Skip to Tutorial Content

Introduction

In this lab, you will learn how to create and interpret box plots.

What is a Box plot? They are a visual representation of the minimum, Q1, median (Q2), Q3, and maximum values of a variable. Just like histograms, box plots should only be used with continuous or discrete variables. Box plots are similar to histograms in that they both display the distribution of a variable, but box plots make it to more straightforward to identify the actual value of the minimum, Q1, median (Q2), Q3, and maximum. Finding the actual value for a variable from a histogram is not possible because of the bins (think about it. if there are 12 observations in the 80-85 age interval there is no way to know if the specific max age only that it is some were between 80-85 years).

Making Box plots

You guessed it we are going to use R to make some basic box plots. We will use the boxplot() function check out RDocumentation for more information. A box plot is constructed by drawing lines that correspond to the values of Q1 (the first quartile), the median (Q2), and Q3 (the third quartile) and then “boxing” in the median. Then “whiskers” are added that represents the min and max values in most cases, but if there are suspected outliers the whisker stops short, and the suspected outlier is represented by a dot or star. The definition R uses (and other stats software) for outliers is any observed value more than 1.5 times the IQR below Q1 or above Q3. So if your data has Q1=7 and Q3=10 the IQR=3 so any observations lower than 2.5 or higher than 14.5 would be a suspected outlier and represented by a dot or star.

Interpreting Box plots

Several specific quantities are present visually. The image below shows you the parts different parts of the box plot.

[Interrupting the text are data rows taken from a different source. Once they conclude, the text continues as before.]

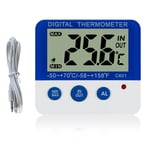 Gellvann Digital Freezer/Fridge Thermometer with Magnet and Stander Digital Freezer Thermometer with LED Alarm Indicator Max/Min Memory Freezer Thermometer for Home Kitchen Restaurants Bars Cafes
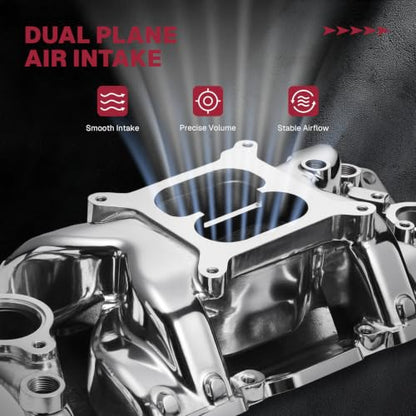2026 7501 Intake Manifold Aluminum Dual Plane Air-Gap - size: 7501-Polish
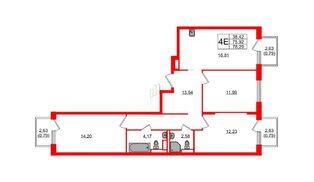 Квартира в ЖК Новые Лаврики, 3 комнатная, 78.29 м², 5 этаж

The skewness of the data can also be assessed with a box plot look at the example below. In this example the dots are not outliers, instead each dot represents the value for each observation.

Making and Interpreting Box Plots

To make a basic box plot, we will use the boxplot() function. The code to create a basic box plot is boxplot(dataset$variablename) , so for example to make a box plot of age the code would be boxplot(HeartFailure$age).

The data is the same as the previous labs. The data dictionary is also included.

Data Dictionary

age: age in years
sex: (1 = male; 0 = female)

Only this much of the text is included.